He watched it bounce with emptiness when he landed it on her open trap door. When she had only touched it, didn’t even pick it up yet, she knew it was empty already.
“Fucker! You threw out my food!” she screamed as Stamper closed the trap door.
“No, I didn’t. I ate it, you bitch,” he called back to her as he rounded the rest of the cells with his meal deliveries.
When he finished and returned to his control desk, Bruno D’Auria knocked on the doorjamb.
“Stamper? Uhh… we got a problem.”
“Why? What happened?”
“Well, Barando, in Room Three of F level? Well, um, she yelled down to Larkin that she saw you eat out of a tray and then give that one to her. I guess Barando heard Larkin screaming and then she got under the door and told her.”
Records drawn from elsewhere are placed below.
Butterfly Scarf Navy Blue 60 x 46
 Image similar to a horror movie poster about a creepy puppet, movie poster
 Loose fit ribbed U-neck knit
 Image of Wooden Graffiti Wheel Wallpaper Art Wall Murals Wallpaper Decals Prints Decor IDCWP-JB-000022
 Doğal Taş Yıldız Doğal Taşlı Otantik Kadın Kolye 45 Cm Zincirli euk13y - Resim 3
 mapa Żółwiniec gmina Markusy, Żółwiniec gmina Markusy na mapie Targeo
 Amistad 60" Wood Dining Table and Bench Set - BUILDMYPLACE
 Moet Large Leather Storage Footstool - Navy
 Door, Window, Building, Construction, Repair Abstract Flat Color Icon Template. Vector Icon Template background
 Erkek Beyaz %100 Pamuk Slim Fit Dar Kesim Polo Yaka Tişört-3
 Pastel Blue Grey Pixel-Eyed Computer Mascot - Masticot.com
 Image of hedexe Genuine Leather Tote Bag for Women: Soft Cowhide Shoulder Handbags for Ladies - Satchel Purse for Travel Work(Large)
“How could Barando even see that? That area is as tight a blind spot as they come.”
“Well, it’s not a blind spot to cell three down there,” D’Auria told him. “So… now…Larkin wants an LT to tell him that she didn’t get a meal.”
“So go get her another tray. I can’t. I’m in here.”
“Yeah, Stamp, I would if there wasn’t this new thing about the missing food and all the stealing.”
“You think they’ll bust you for one tray? Tell ‘em it spilled.”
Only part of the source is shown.